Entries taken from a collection
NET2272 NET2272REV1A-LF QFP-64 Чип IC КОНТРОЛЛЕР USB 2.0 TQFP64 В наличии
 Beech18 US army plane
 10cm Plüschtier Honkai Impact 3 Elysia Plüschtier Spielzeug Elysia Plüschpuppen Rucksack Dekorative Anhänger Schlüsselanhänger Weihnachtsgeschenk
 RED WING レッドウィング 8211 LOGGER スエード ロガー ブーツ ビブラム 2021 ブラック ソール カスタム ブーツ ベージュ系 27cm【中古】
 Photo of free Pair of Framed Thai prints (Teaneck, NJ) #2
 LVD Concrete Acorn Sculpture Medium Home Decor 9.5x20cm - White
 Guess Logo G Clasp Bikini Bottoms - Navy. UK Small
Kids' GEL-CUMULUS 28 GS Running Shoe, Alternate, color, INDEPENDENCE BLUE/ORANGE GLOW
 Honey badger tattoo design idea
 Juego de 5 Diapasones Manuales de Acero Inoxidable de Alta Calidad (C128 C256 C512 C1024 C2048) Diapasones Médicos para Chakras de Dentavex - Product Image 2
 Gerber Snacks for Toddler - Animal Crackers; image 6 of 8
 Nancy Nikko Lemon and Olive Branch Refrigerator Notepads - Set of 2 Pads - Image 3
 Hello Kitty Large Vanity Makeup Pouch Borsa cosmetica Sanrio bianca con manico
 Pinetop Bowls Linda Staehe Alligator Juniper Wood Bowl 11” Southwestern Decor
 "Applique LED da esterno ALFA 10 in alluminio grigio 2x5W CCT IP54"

What this task involves =>
Wherever a line in the entries holds "Decor", copy that line.

Reply to the exercise =>
 LVD Concrete Acorn Sculpture Medium Home Decor 9.5x20cm - White
 Pinetop Bowls Linda Staehe Alligator Juniper Wood Bowl 11” Southwestern Decor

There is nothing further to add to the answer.